More specifically, the outage, which lasted almost 40 minutes, happened on April 1, and Microsoft says it was all labeled as a service availability issue.
In other words, customers trying to connect to Microsoft servers were unable to resolve domain names, and this in turn made it impossible to load the services completely. Microsoft explains that all services returned to normal a little over a year later.
“Azure DNS servers experienced an anomalous surge in DNS queries from across the globe targeting a set of domains hosted on Azure. Normally, Azure’s layers of caches and traffic shaping would mitigate this surge.
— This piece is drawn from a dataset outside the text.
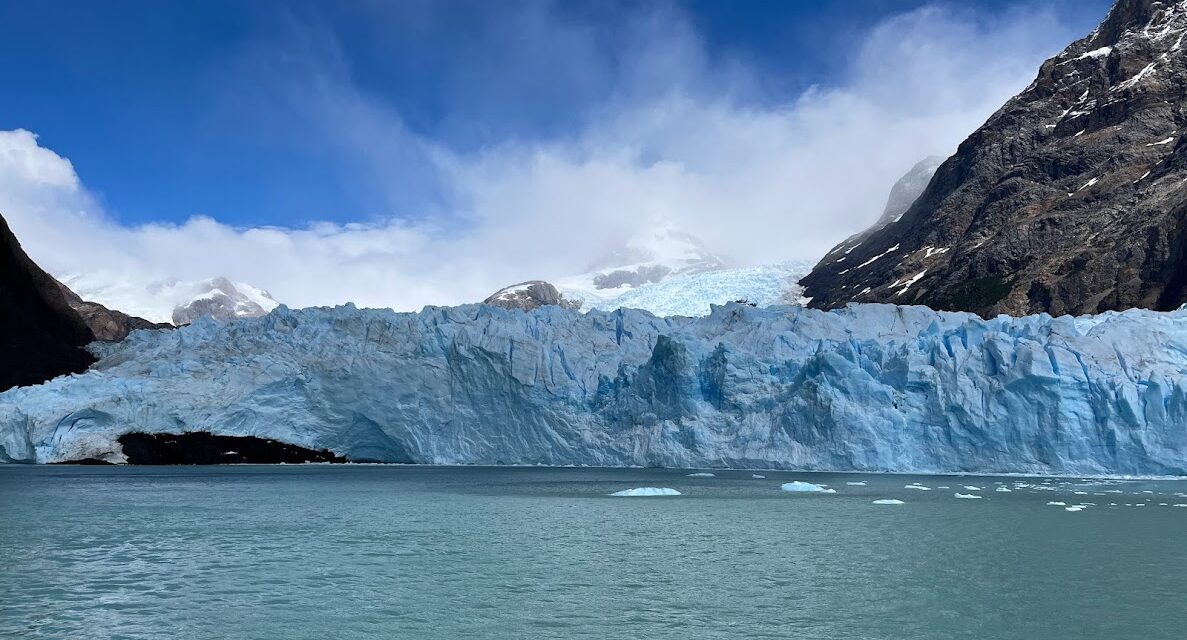 La Comisión de Justicia y Paz advirtió que no debe retroceder la protección de los glaciares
In this incident, one specific sequence of events exposed a code defect in our DNS service that reduced the efficiency of our DNS Edge caches,” the company explains.
“As our DNS service became overloaded, DNS clients began frequent retries of their requests which added workload to the DNS service. Since client retries are considered legitimate DNS traffic, this traffic was not dropped by our volumetric spike mitigation systems. This increase in traffic led to decreased availability of our DNS service.”
DNS services recovered themselves 30 minutes later
The company goes on to explain that its DNS services recovered automatically approximately 30 minutes after the outage occurred, with engineers then working to bring everything back to normal. Eventually, all services were operating normally by 22:30 UTC.
“We apologize for the impact to affected customers. We are continuously taking steps to improve the Microsoft Azure Platform and our processes to help ensure such incidents do not occur in the future,” the company further adds.